Il primo singolo uscito è stato “Londra”, parla di sogni che si realizzano, può essere definito un brano autobiografico?

“Certo! Con tutta questa situazione dei social, i like, abbiamo perso un po’ la testa e ci sentiamo tutti delle star, dimenticandoci della realtà. Non dico che non sia un mezzo di comunicazione valido per chi fa musica, anzi, ma dovremmo capire prima chi siamo, dove vogliamo andare e se quella cosa fa per noi. Dobbiamo cercare di essere sempre noi stessi e non perdere la nostra identità. Noi abbiamo costruito tutto sempre con le nostre mani, Eed essere arrivati al punto di poter produrre la musica come piace a noi, è già un bel traguardo.” -taglio2- Avete da poco concluso l’Uniweb tour, che vi ha visto protagonisti con dei live nelle maggiori web radio universitarie italiane, com’è andata?

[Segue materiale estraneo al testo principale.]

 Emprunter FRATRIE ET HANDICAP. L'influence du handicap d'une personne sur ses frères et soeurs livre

“È stata un’esperienza bellissima, chi ha la fortuna di fare una cosa del genere si rende veramente conto che in Italia la musica è considerata tanto. Abbiamo una cultura fortissima, nonostante i tagli che fanno all’istruzione, noi italiani siamo artisti nell’animo e siamo alla ricerca di cose nuove. Tutti i ragazzi delle radio sono stati bravissimi, infatti, ne approfitto per fare le congratulazioni a tutte le radio universitarie che ci hanno ospitato e ci hanno accolto alla grande. Viaggiare, conoscere gente, farsi ascoltare, accogliere una critica costruttiva: è stato un divertimento, anche perché per noi andare a suonare è sempre un po’ come fare un gita fuori porta. Siamo ‘professionisti’, siamo nel settore musicale e ci dà gioia alzarci la mattina e fare qualcosa che ci piace e ci appaga.”

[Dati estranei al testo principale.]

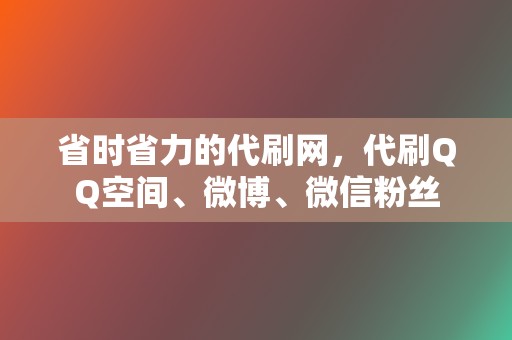 省时省力的代刷网,代刷QQ空间、微博、微信粉丝 第2张 省时省力的代刷网,代刷QQ空间、微博、微信粉丝 第2张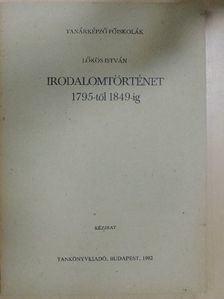 Lőkös István - Irodalomtörténet 1795-től 1849-ig [antikvár]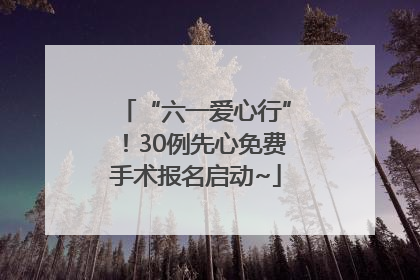 “六一爱心行”！30例先心免费手术报名启动~
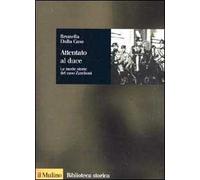Attentato al duce. Le molte storie del caso Zamboni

Com’è la vita quotidiana di una band?

“In generale c’è un equilibrio abbastanza buono! Considera che io e Giuseppe – voce, chitarra, synth - siamo fratelli e a Catanzaro, nostro paese d’origine, ci hanno sempre chiamato i Russogher poiché abbiamo sempre fatto un po’ di zuffe e ragazzate varie. Questa cosa è troppo simpatica ed essendo cresciuti col brit pop, ci sentiamo un po’ i Gallagher del sud Italia! Scherzi a parte, siamo abbastanza complici ed anche con gli altri si crea una buona energia quando si suona e si registra, ovviamente siamo quattro teste da dover mettere d’accordo, ma per fortuna ora c’è l’etichetta Red&blue che ci mette in riga!”

Avete in programma un tour?

“Abbiamo suonato a Bologna, Milano, Torino, e qualche giorno fa siamo stati a Roma e Napoli. Siamo già stati confermati per dei Festival estivi, ma ahimè non posso ancora dire nulla, comunque su tutti i nostri canali ci saranno tutte le notizie.”